Food of the Month
Fabulous fennel
‘It’s all things to all people’ says Liz Hemphill in Sticks, Seeds, Pods & Leaves. ‘You want a vegetable, a herb, a spice, a garnish? Then fennel’s the one for you.’ First of all you can slice or dice the bulb and stems and use them raw in salads or whole as a scoop with dips. They are just as delicious cooked – added to soups, casseroles and stir fries, or serve as a side dish baked, sauteed or lightly steamed. Then as a herb, you can use the feathery fronds which resemble dill with baked fish. And if that’s not enough, as a spice you can add the aromatic seeds with their light anise flavour (sparingly we suggest) to a variety of dishes from curries to meat loaf, tomato dishes or even savoury biscuits. You’ll find a couple of delicious dishes the make the most of fennel in previous issues of GI News. – Tangy roast beet and walnut salad (May 2007) and Tuna, bean, olive and fennel salad (November 2007).

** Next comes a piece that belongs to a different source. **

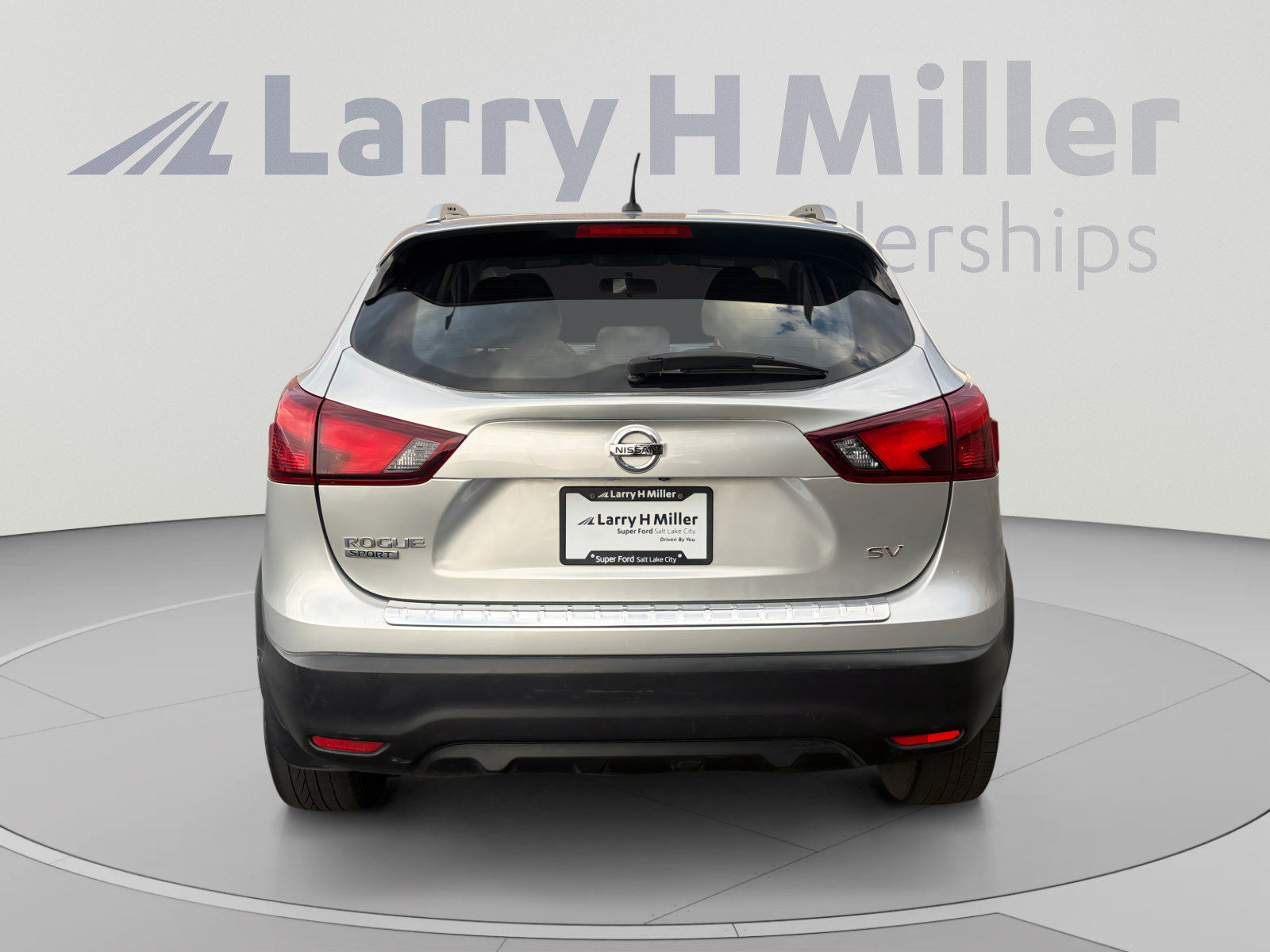 Used 2017 Nissan Rogue Sport SV FWD image 4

Fennel is a great way to help you get those five serves of veggies a day. The bulb is a serious contender in the versatile veggie competition. Not only is it delicious whatever you do with it, it’s also big on volume, small on kilojoules and full of fibre. It is a very good source of vitamin C, folate, potassium and manganese and provides some calcium and iron. It also contains a fascinating phytonutrient called anethole – the primary component of its volatile oil. In animal studies, the anethole in fennel has been shown to reduce inflammation and to help prevent the occurrence of cancer.

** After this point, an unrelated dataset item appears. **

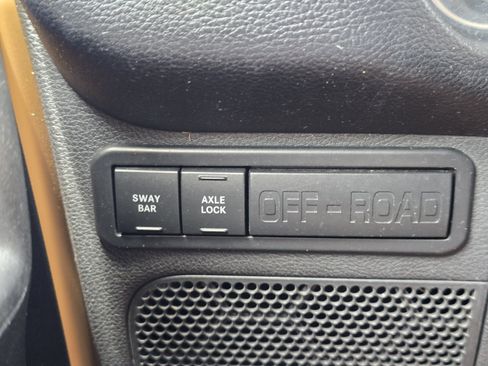 Used 2014 Jeep Wrangler Unlimited Rubicon w/ Dual Top Group AWD/4WD image 23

Tuna and fresh fennel stew
This recipe from Sticks, seeds, Pods & Leaves is for the serious ‘fennelophile’
Serves 4–6
2 bulbs fennel, thinly sliced
1 onion, chopped
2 cloves garlic, finely chopped
2 tablespoons extra virgin olive oil
1 x 400 g (14 oz) can whole tomatoes
2 dried bay leaves
1/4 cup continental parsley
1 generous strip lemon rind
2 tablespoons freshly squeezed lemon juice
1/2 cup white wine
450 g (1 lb) fresh tuna, cut into bite-sized cubes
1 cup (250 ml) fish stock
salt and freshly ground black pepper
1/4 cup chopped fennel leaves
Combine the fennel, onion, garlic and oil in a large pan and cook over moderate heat, stirring frequently until just softened, about 5 minutes. Add the tomatoes and cook for a further 5 minutes, stirring frequently. Add the bay leaves, parsley, lemon rind and juice and the wine and simmer for about 20 minutes. Just before serving, add the tuna and simmer until cooked, about 3–4 minutes. Transfer the tuna and vegetables to a bowl with a slotted spoon and reduce the liquid by about a third. Discard the bay leaves and lemon rind and return the tuna and vegetables to the pan. Heat through, seasoning to taste with salt and pepper. Sprinkle over the fennel leaves and serve the stew with sourdough bread to mop up the sensational juices.